Mr. Speaker, I think the parliamentary secretary did not listen to everything because he would have understood that what is scandalous and a joke is not having a contingency reserve, it is making people believe that the surplus is only equivalent to this contingency fund.
For example, it is true, as I said, that the Canadian economy took some very hard blows this year. We can imagine how big the surplus would have been without the mad cow crisis, the blackout in Ontario and SARS.
Despite these events, the surplus is three times higher than forecast. Even just a few weeks ago, the Minister of Finance forecast $2.3 billion. It is at least $5.4 billion, and will probably be about $7 billion.
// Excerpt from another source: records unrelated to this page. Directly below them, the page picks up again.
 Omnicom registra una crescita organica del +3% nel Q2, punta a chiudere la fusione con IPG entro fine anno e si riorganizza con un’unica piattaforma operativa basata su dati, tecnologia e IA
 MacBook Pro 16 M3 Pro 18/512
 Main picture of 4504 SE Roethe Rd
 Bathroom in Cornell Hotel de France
The joke is trying to get us to believe that the federal government is having financial difficulties, that it is scraping the bottom of the barrel.
We must not forget that, over the past five years, bureaucratic expenditures, the federal government's operating expenses, have increased 40%, a more than 8% annual increase. That money too should have gone to health and education, instead of creating an even heavier federal bureaucracy, particularly in Ottawa.
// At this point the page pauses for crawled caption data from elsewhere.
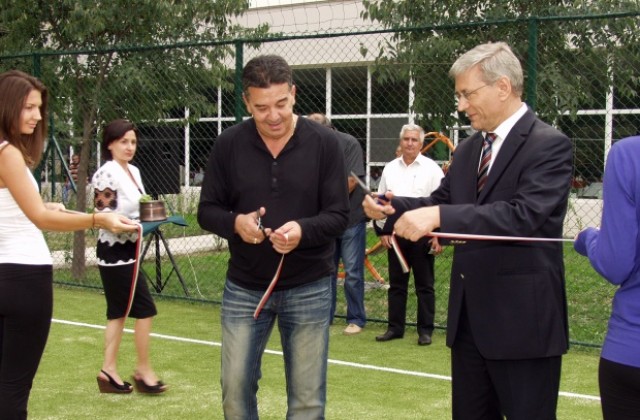 Нова спортна площадка за 5 вида спорт откри  Медицинският университет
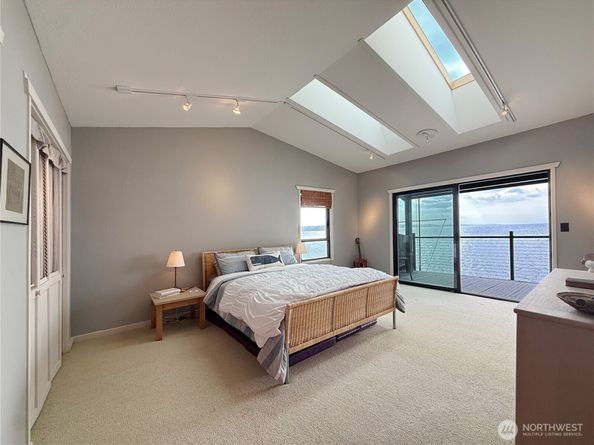 11 H  South Beach, Hat Island WA 98206
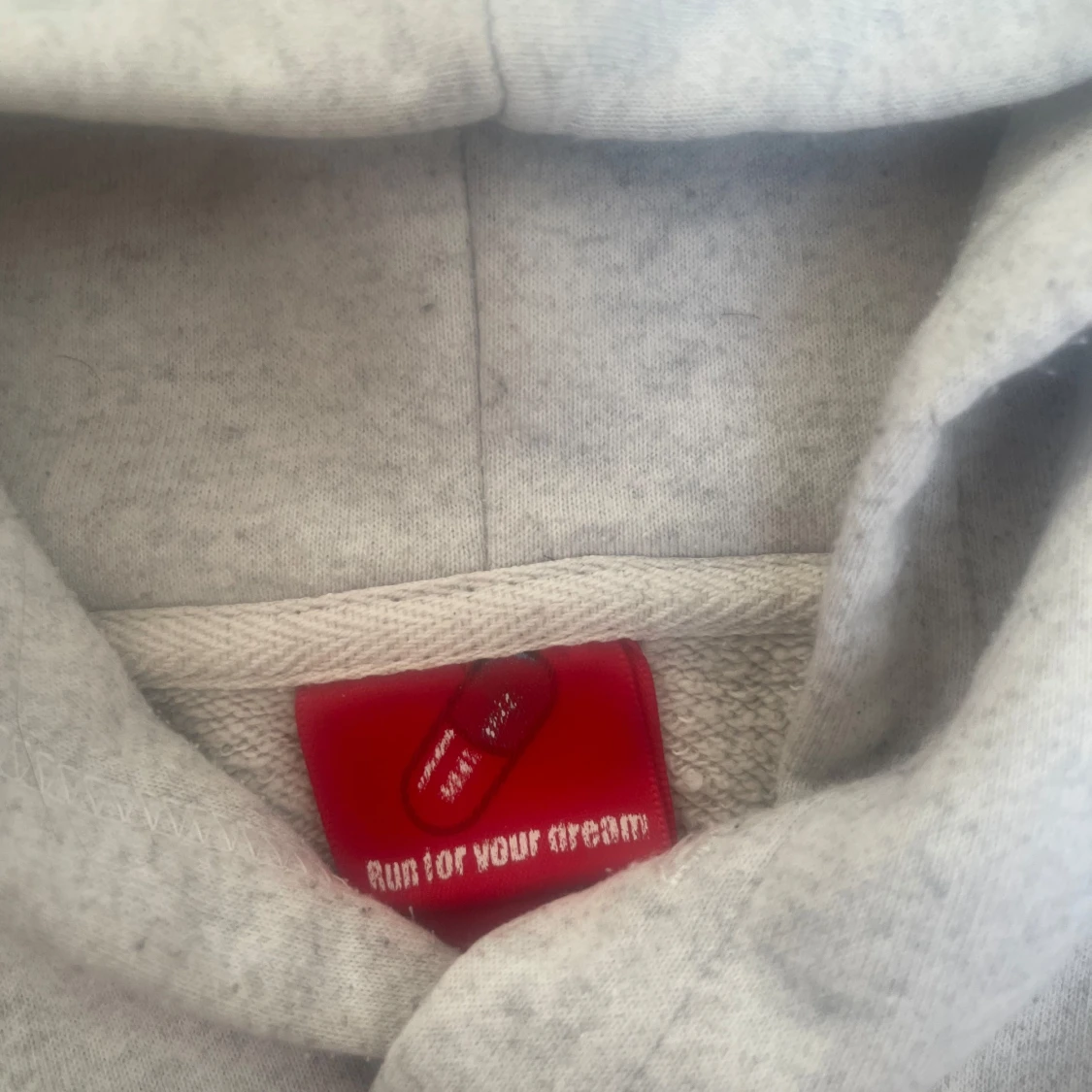 Grå hoodie från Vetements - 4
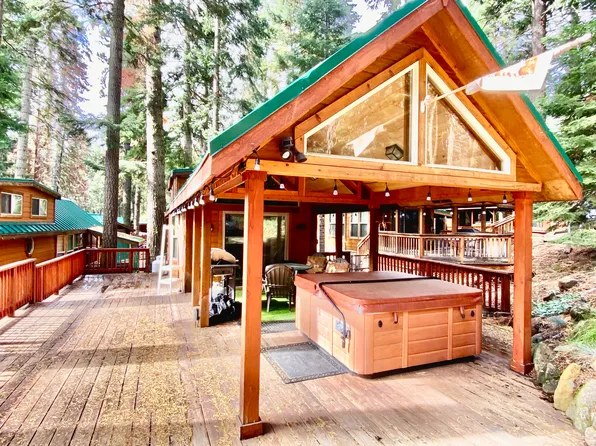 7900 Hyatt Prairie Rd #8, Ashland, OR 97520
Next year, the surplus will not be $4 billion. Everyone is well aware that the economic situation will be better than last year. In fact, last year, despite the fact that there were a certain number of problems, the surplus was three times higher than forecast. Without those problems, the surplus would probably have been $10 billion or $12 billion. What is scandalous is hiding the true figures from Canadians in order to avoid a very important public debate.
It is also scandalous—I did not have the time to say this in my speech—is having used $45 billion from the employment insurance fund at the expense of workers, by taking contributions from workers and employers to pay down the debt. That is not the purpose of the employment insurance fund. This fund must be used to provide financial security to workers who temporarily lose their job.
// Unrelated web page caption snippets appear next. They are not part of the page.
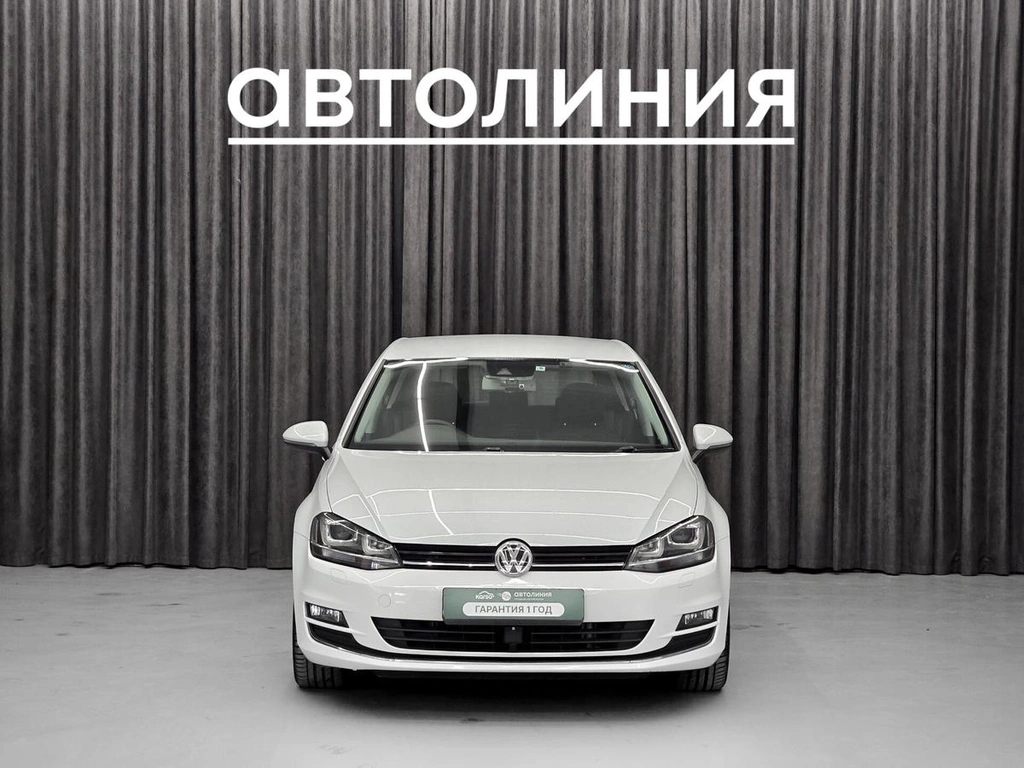 Хетчбэк Volkswagen Golf 2015 года, 1250000 рублей, Красноярск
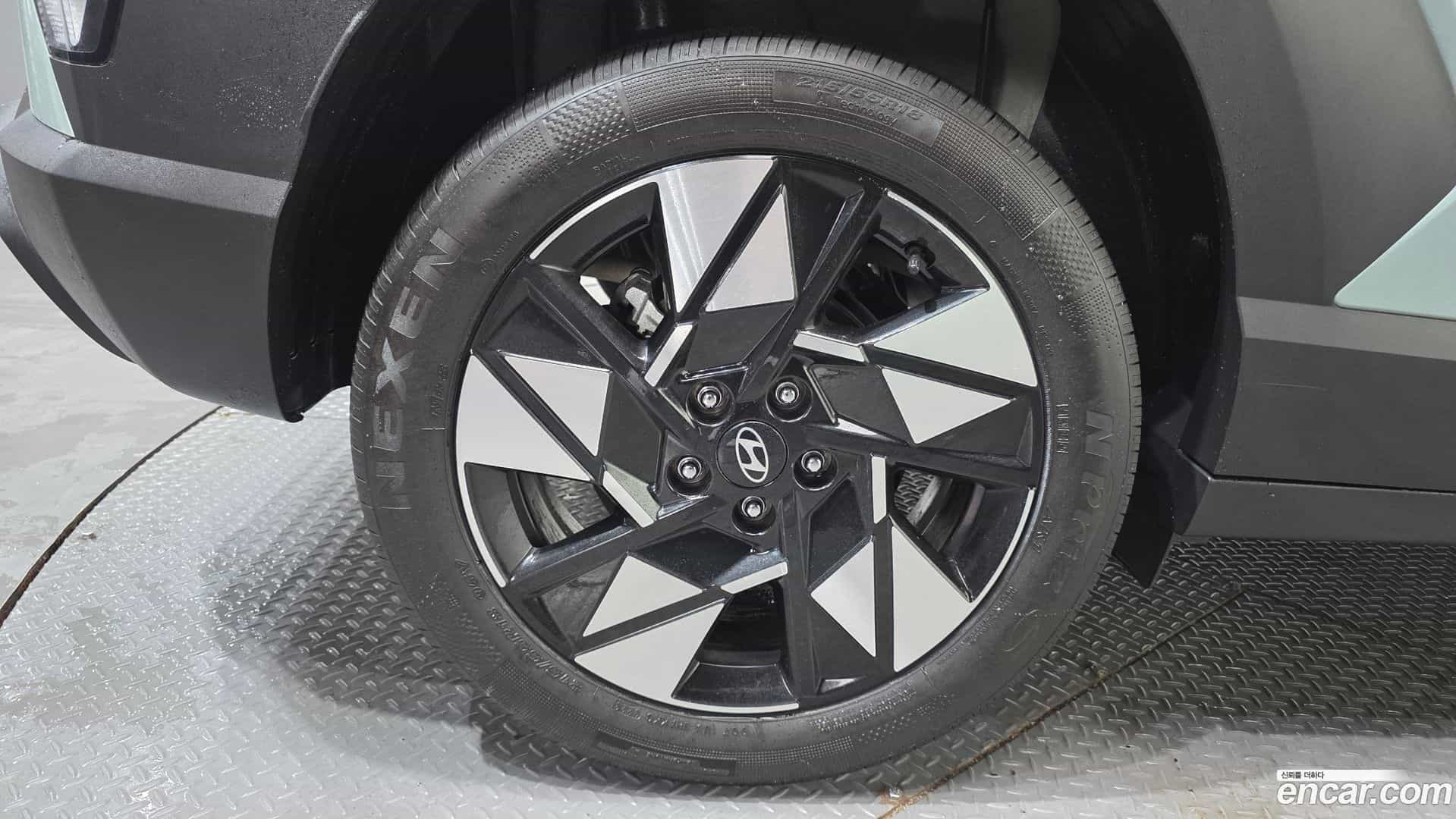 Kona Hyundai 2023.9-OUTER-005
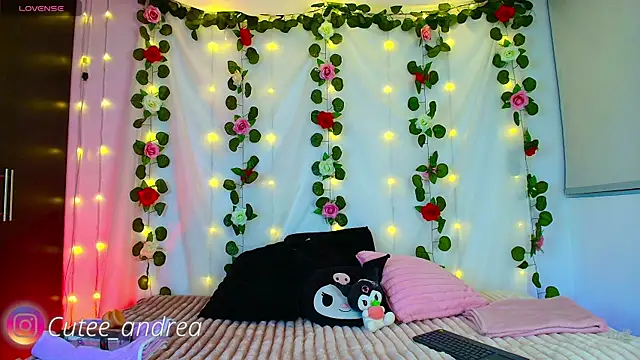 Snapshot of cutee_andrea chatting on September 2025 03:29:01 AM cutee andrea online show from September 2025 03:29:01 AM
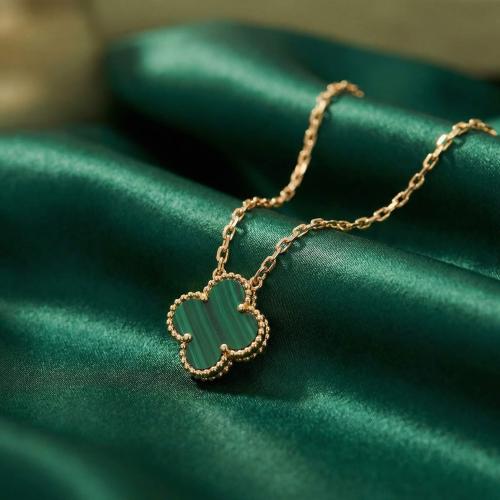 Златно колие Детелинка с малахит 9 мм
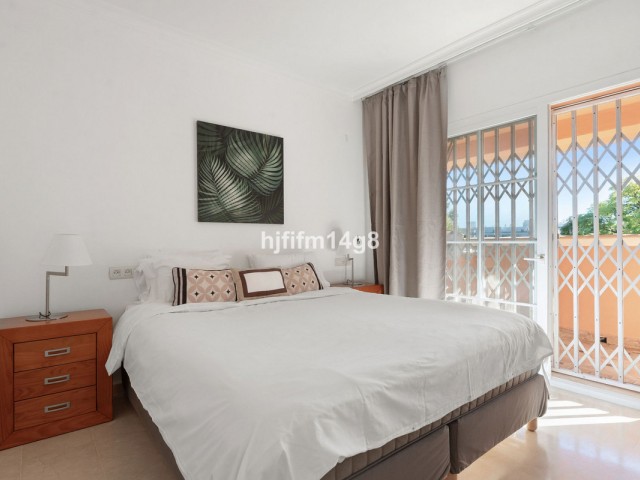 4 Bedrooms Apartment in Nueva Andalucía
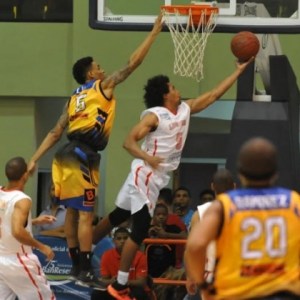 Víctor Liz y Manuel Fortuna (Foto: LNB.com.do)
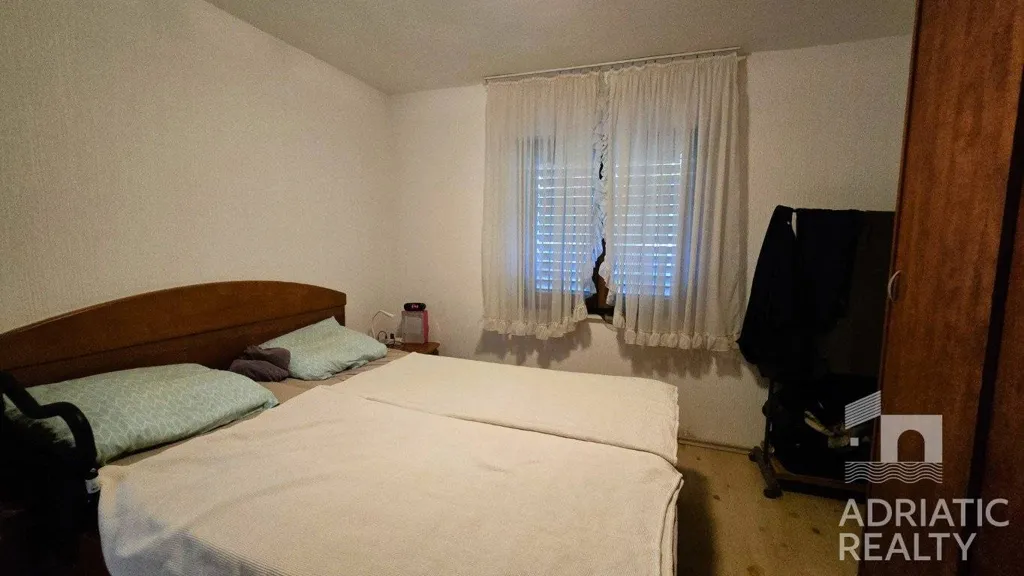 Magamistoad - Two-Bedroom Apartment with Terrace in Vodice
We must not forget that, to a great extent, the federal surpluses over the past seven years have come from the employment insurance fund. If the federal government, under the current Prime Minister and former finance minister, had not raided this fund, these surpluses would have been much higher.
I will close with a few figures. If the Liberal government only occasionally went wrong in its estimates, people could say, “Yes but there may have been a particular economic situation that year that caused the miscalculation”, but it is a regular occurrence. It goes on year after year.
Take 2000-01. The estimate by the finance minister of the day was $4 billion; the reality was $18.1 billion. That is what the surplus was. It went to the debt, yet the money came from the employment insurance fund.
In 2001-02, the estimate by the finance minister of the day was $1.5 billion; the reality was $8.9 billion. That too went to the debt, and again in large part came from the employment insurance fund.
In 2002-03—with a new finance minister—there was an estimate of $3 billion; the surplus was $7 billion. This year, the prediction was $2.3 billion, and we are already at $5.4 billion. So it goes on and on. The truth about the federal government's handling of public funds is being concealed. This is scandalous. The figures are farcical.
I realize, however, that there is a political will behind this, a plan to construct a unitary state focussed on Ottawa, to give this central government the means to strangle the provinces and impose its vision of how Canada needs to be developed and built. This is done particularly at the expense of the building of the Quebec nation and this is why Quebec sovereignty is so urgent.